__DESCRIPTION OF THE TASK__: Leave out the pictures, and quote exactly the lines running from the one with "Kauri Wooden Carving" through the last line of the entries below.

__PROVIDED RECORDS__:
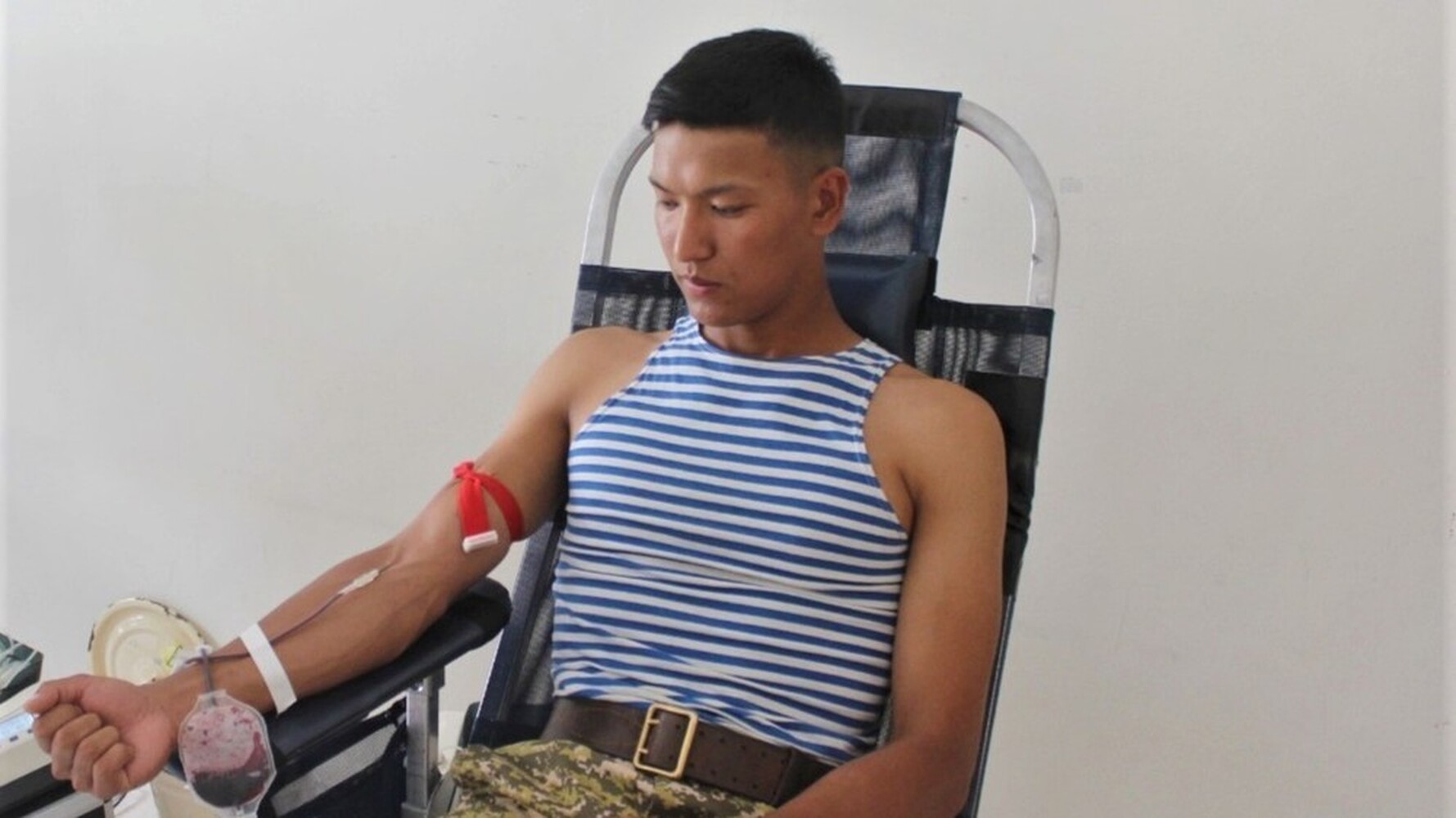 Более 70 военнослужащих Нацгвардии сдали кровь в качестве донора — Today.kg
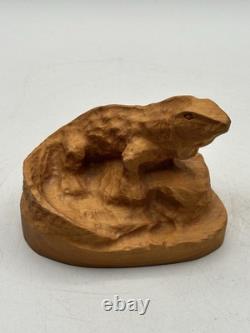 Kauri Wooden Carving Tuatara New Zealand Lizard Hand Carved 1993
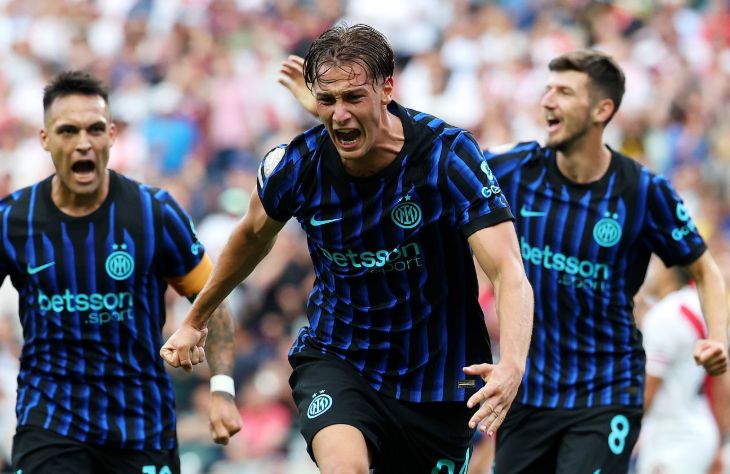 Франческо Пио Эспозито празднует гол в ворота «Ривер Плейт»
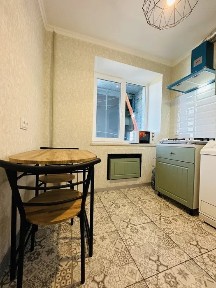 Днепр, Академика Янгеля ул., 12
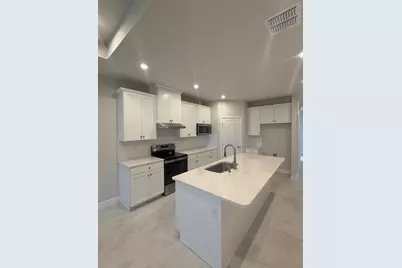 18740 Highland Dew Street, Spring Hill, FL 34610 - Photo 3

__ANSWER__:
 Kauri Wooden Carving Tuatara New Zealand Lizard Hand Carved 1993
 Франческо Пио Эспозито празднует гол в ворота «Ривер Плейт»
 Днепр, Академика Янгеля ул., 12
 18740 Highland Dew Street, Spring Hill, FL 34610 - Photo 3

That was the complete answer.